A 2010 article in Forbes marking the fiftieth anniversary of the pill acknowledged its immense significance. The article began by noting the then-current workforce status of women:

For the first time in U.S. history, women have overtaken men in the workplace. More specifically, they’ve overtaken men in professional roles. As of 2009, women represented half of all U.S. workers and are the primary or co-breadwinners in nearly two-thirds of American households. That’s a far cry from 1967, when women made up only one-third of all U.S. workers.

Without the birth control pill, women would almost certainly not have made it into powerful senior positions. While the political and social will to bring a critical mass of women into the workplace was certainly there–the advent of the birth control pill coincided with the second wave of feminism and the fight for equal rights–the pill gave women a tangible tool to level the playing field with men. They no longer had to be mothers first and careerists second. The pill allowed for both their entrance–and ascendance–in the workplace.

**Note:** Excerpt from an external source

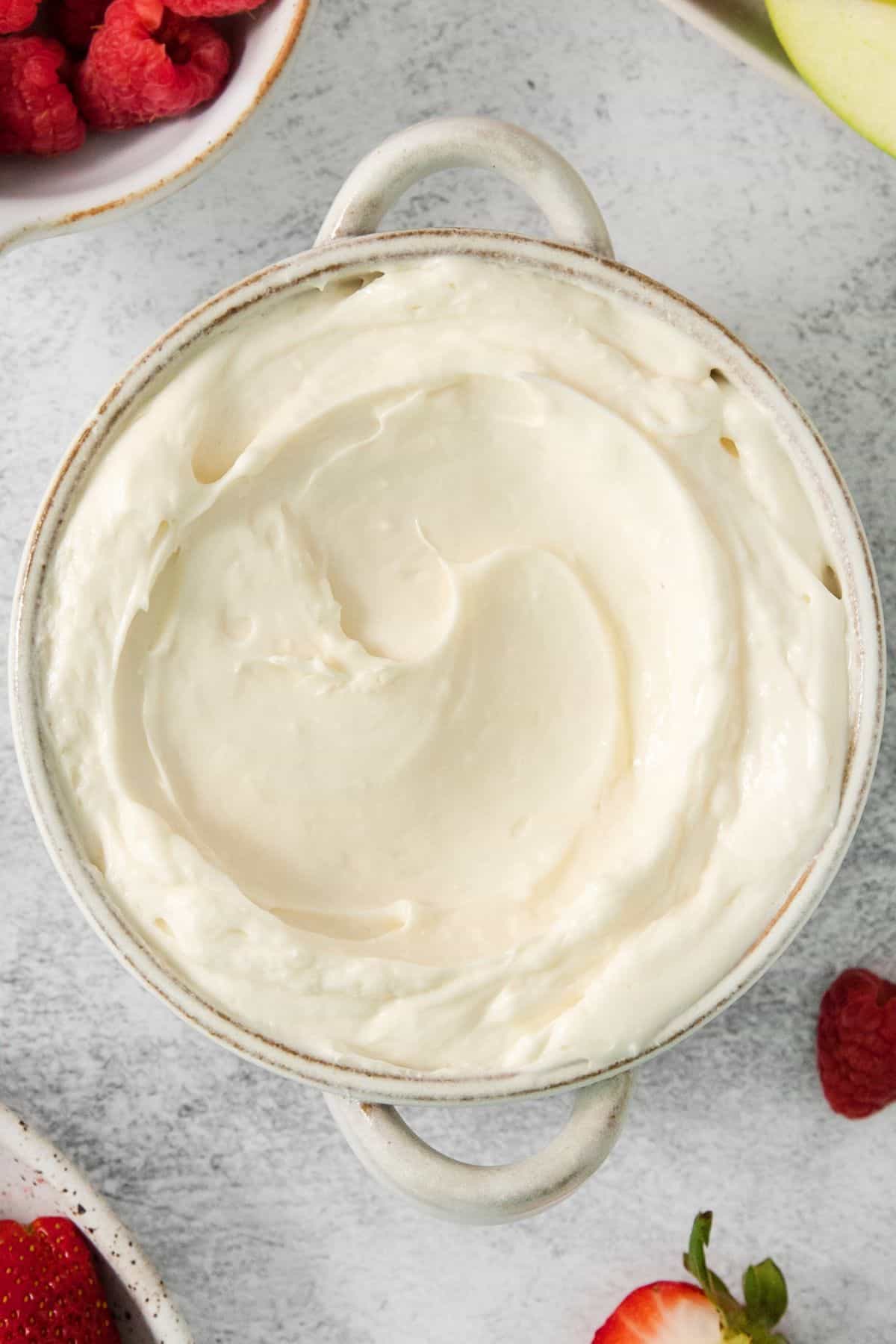The marshmallow fluff fruit dip transferred into a serving bowl.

To be sure, there’s no denying the pill triggered the sexual revolution for women as well. Because they no longer had to worry about getting pregnant, it freed them up to have sex outside of marriage. But it was the workplace where the pill made its most lasting impact.
Together with women’s new prominence in political and economic life, that sexual revolution, such as it was (the punditry continues to argue about its nature, extent and consequences) ran headlong into what is perhaps the most regressive element of American culture: fundamentalist religion.